Worauf sind dann unsere Ängste begründet? Glauben wir, das Kind könnte plötzlich ausbluten und dann plötzlich ohne Blut dastehen? Haben wir Angst vor den bösen Bakterien überall? Hat man diese Angst, ist es sicherlich sinnvoll, entweder ein paar Stunden mit der Durchtrennung der Nabelschnur zu warten, oder ein langes Stück stehen zu lassen (und später zu kürzen). Neulich las ich einen interessanten Bericht über den Neugeborenen-Tetanus in manchen Teilen der Welt. Dort ist es vielfach üblich, zur Nabelpflege getrockneten Kuhdung aufzulegen. Klar, sagen wir gebildeten Westler, so was Dummes muss ja Folgen haben. Mit etwas mehr Hintergrundwissen ergibt sich ein differenzierteres Bild: In diesen Teilen der Welt war dieses Vorgehen schon immer üblich. Zu vermehrten Tetanusfällen kam es erst, als die Hebammen eine westlich geprägte Ausbildung erhielten, die vorsieht, die Nabelschnur recht nah am Kind zu durchtrennen. Traditionell war es bis dahin üblich, die Nabelschnur nahe der Plazenta zu durchtrennen. Welche Bakterie mag diesen langen Weg klettern? Hier vermischen sich also westliche und überlieferte Traditionen zu einer unguten Mischung. Aber anstatt das zu erkennen, pocht man auf noch mehr westliche Traditionen: die Impfung muss es richten. Kauf P*mpers und du tust was Gutes!

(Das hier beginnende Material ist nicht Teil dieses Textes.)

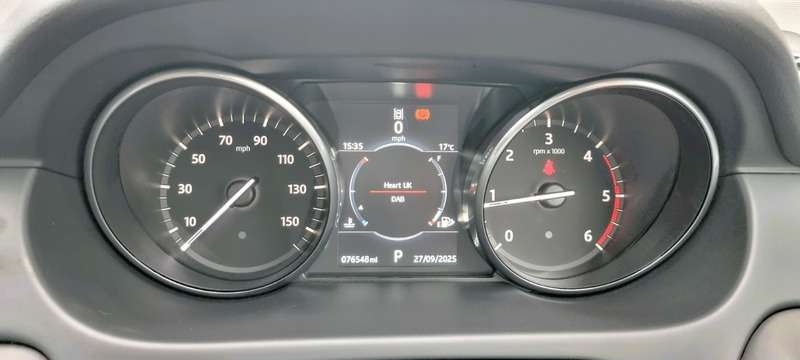 2017 LAND ROVER DISCOVERY SPORT 2017 LAND ROVER DISCOVERY SPORT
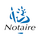 Logo Office notarial PRAUD, HUVELIN-ROUSSEAU, PETIT, SENG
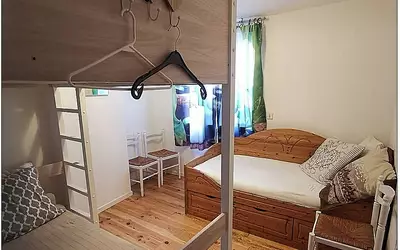 Camps-Sur-L'agly (11190)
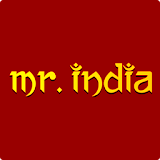 Mr. India Restaurant icon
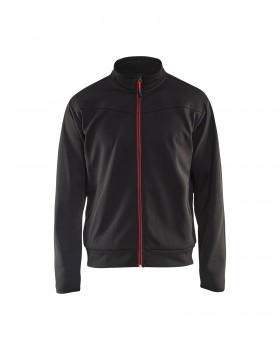 Blakl�der 3362 Sweatshirt Jacken schwarz | yam yam world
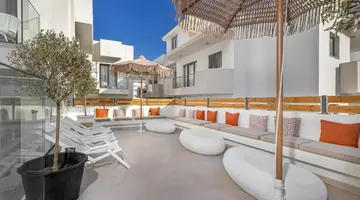 Cabana White Boutique Hotel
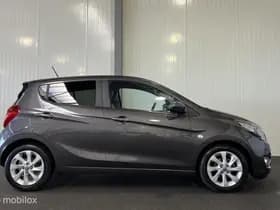 Opel KARL 1.0 ecoFLEX Cosmo [ NAP climate pdc cruise LM ] thumbnail 5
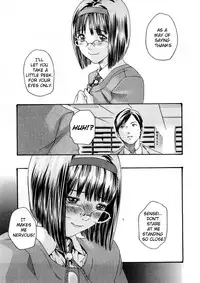 [Haruki] Sense Vol.1 (Complete) [English]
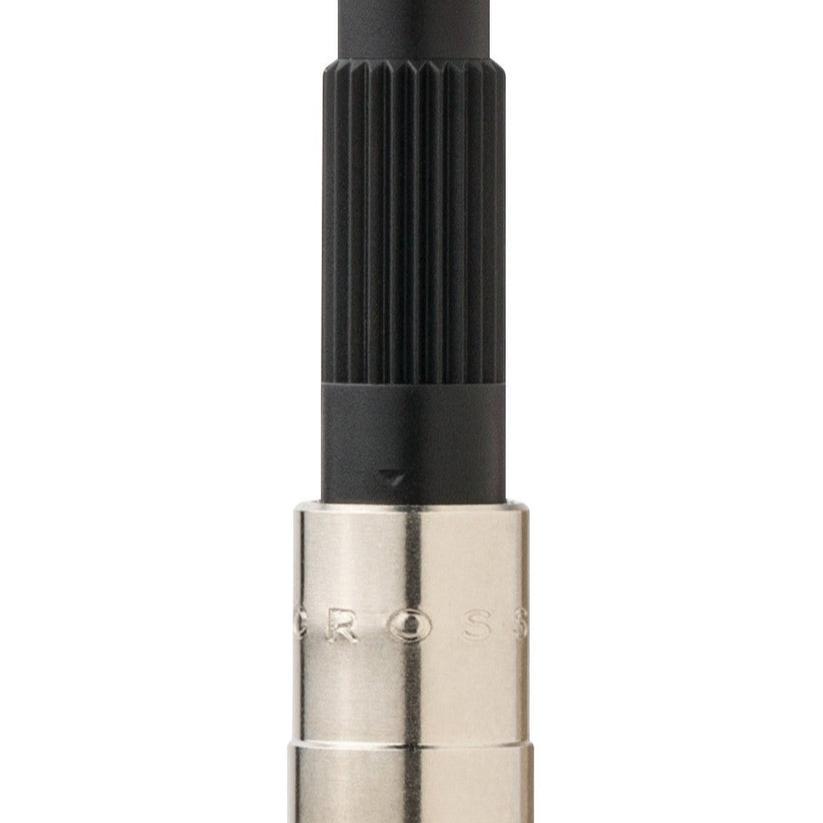 Cross Fountain Pen Converter Push-in Style 8751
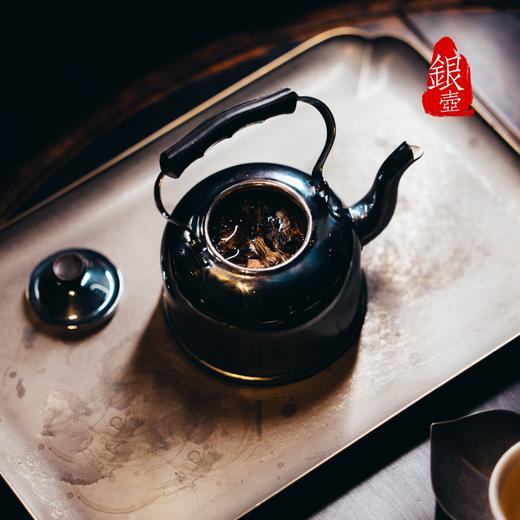 致敬80年代小银壶 商品图2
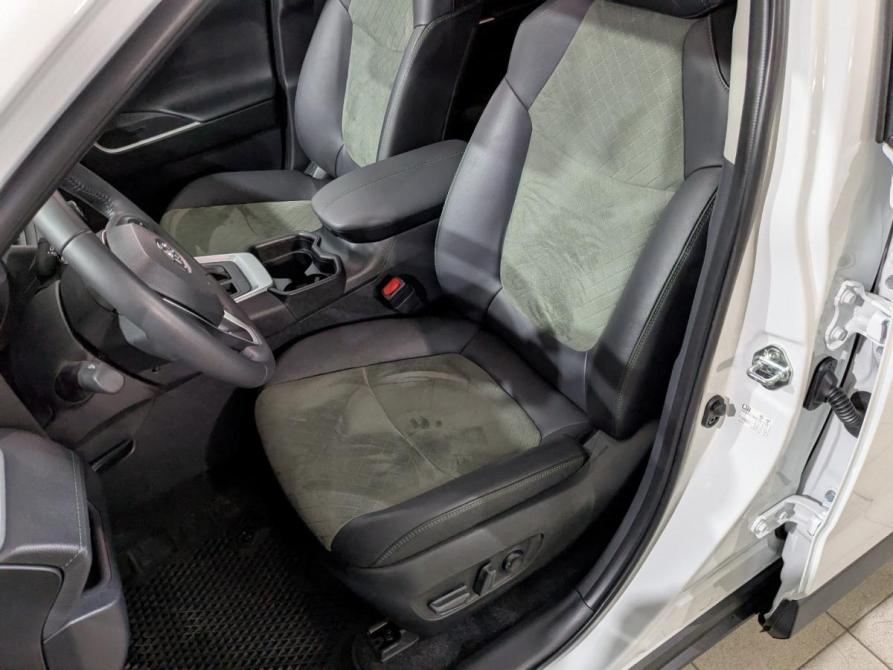 Toyota RAV4 V (XA50) Химки  - изображение 3
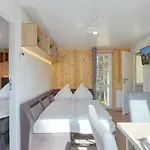 別荘 Tiny Haus 51 Am Brombachsee プラインフェルト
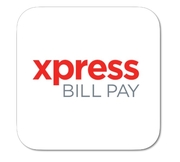 xpress bill pay app icon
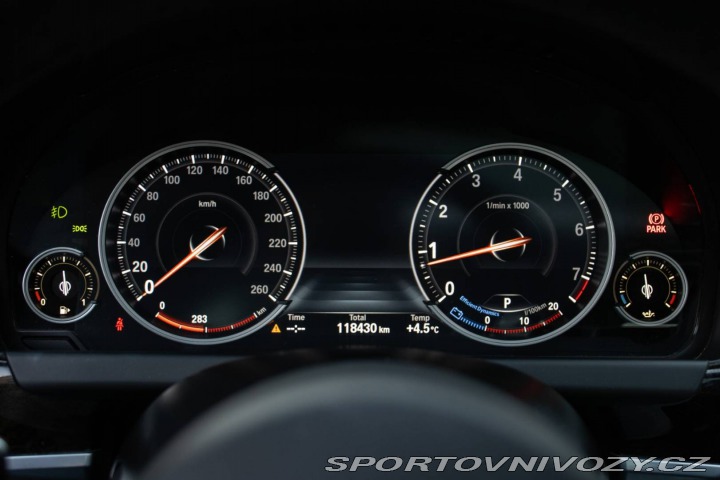 BMW 6 Gran Coupé  650i xDrive M 2015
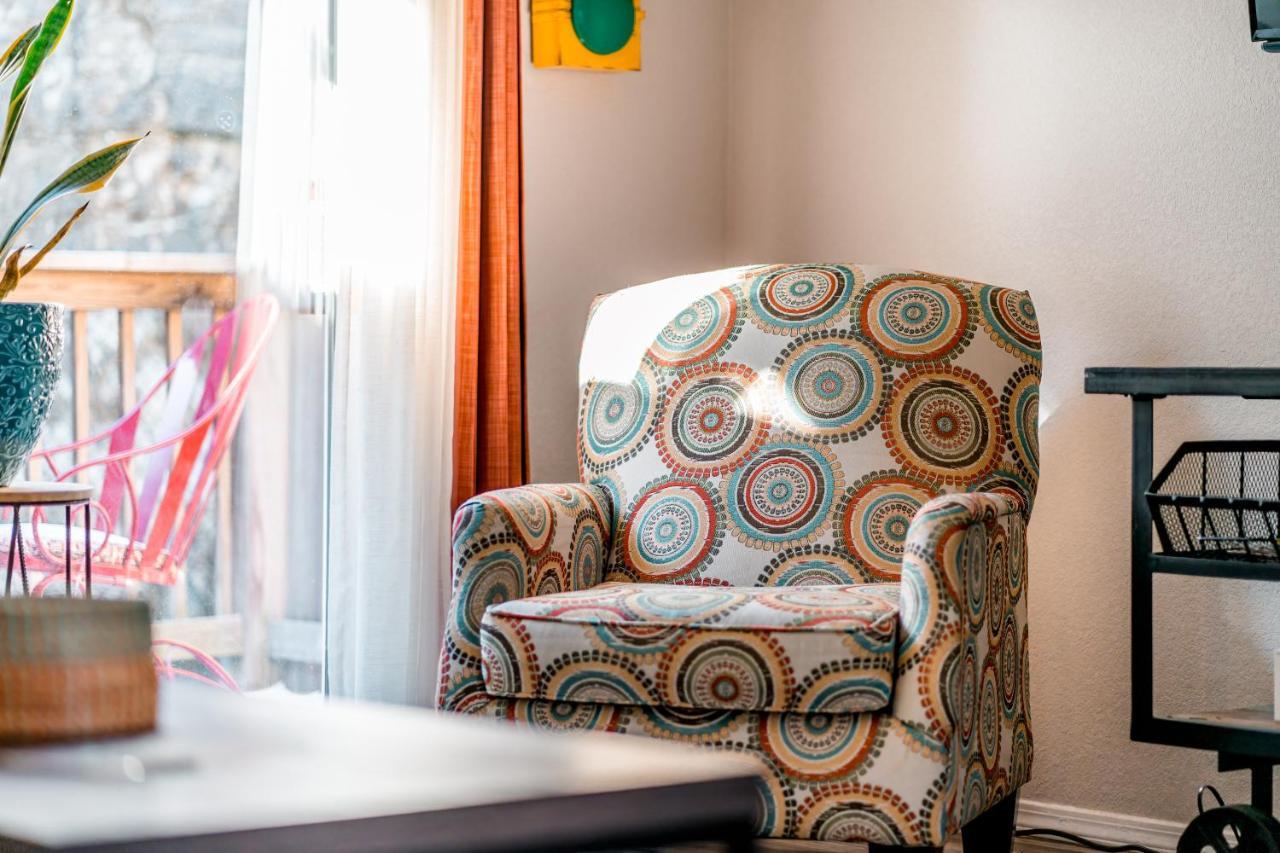 Stylish Stay In Branson'S Heart! Extérieur photo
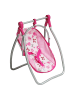 Moni Bär 9397C in rosa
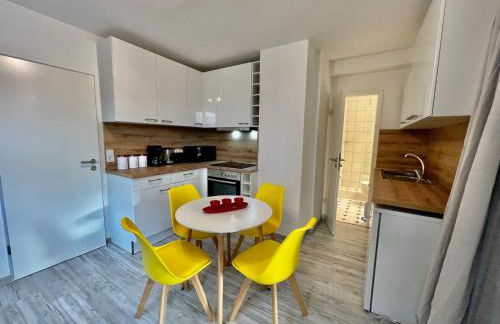 Villa Plesse - exklusiv und geräumig wohnen nahe Göttingen - Foto 57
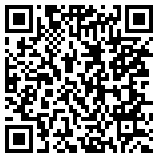 QR Code for Public Library in Houma, LA 70364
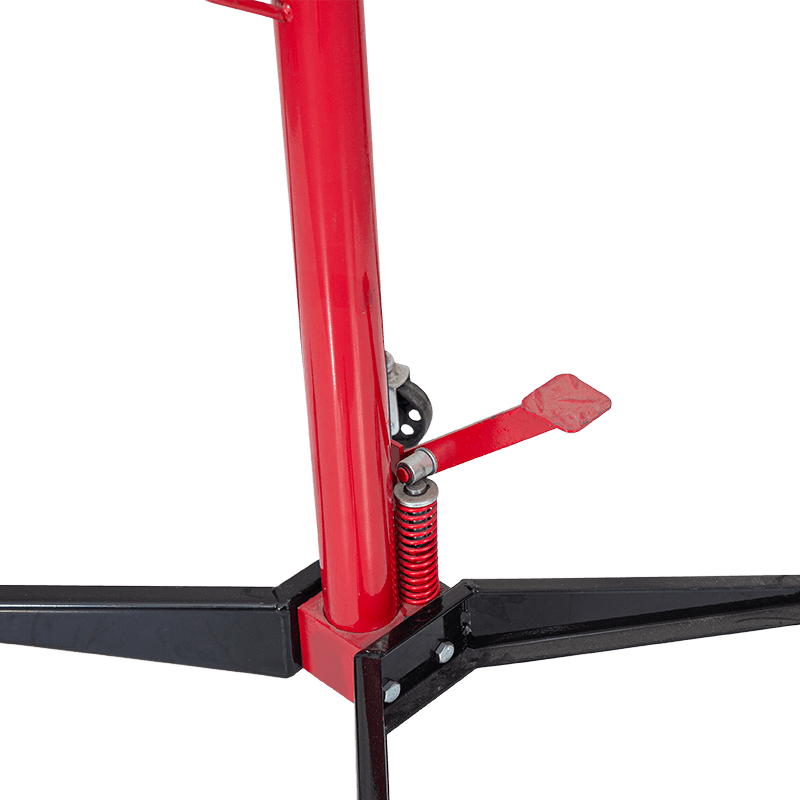 OY1101 0.5Ton Single-Stage Transmission Jack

Stimmt es nun, dass nur ein Profi in einem Krankenhaus eine Nabelschnur durchtrennen kann? Nein, außer man will die Nabelschnur bereits vor dem Auspulsieren, ein paar Sekunden nach der Geburt, durchgeschnitten haben. Dann fließt darin tatsächlich noch Blut, und will man kein Blutbad anrichten, braucht man natürlich Klemmen und Co.. Dieses Vorgehen war bis vor Kurzem allgemein in Krankenhäusen Gang und Gäbe. In Schweden wurden diesbezüglich letztes Jahr die Richtlinien geändert. Wie es in Deutschland derzeit aussieht, weiß ich nicht. Ich kenne es jedenfalls noch so, dass nach der Geburt sofort die Klemme gesetzt wurde, um Blut zu entnehmen – man braucht ja das Nabelschnurblut für die ph-Messung und die Qualitätssicherung. Und dann durfte der meist zögerlich dreinblickende Papa feierlich durchschneiden – oder das Ganze dankend dem Personal überlassen. „Ach, machen Sie das mal.“ Ist doch besser, man lässt die Profis ran. Oder?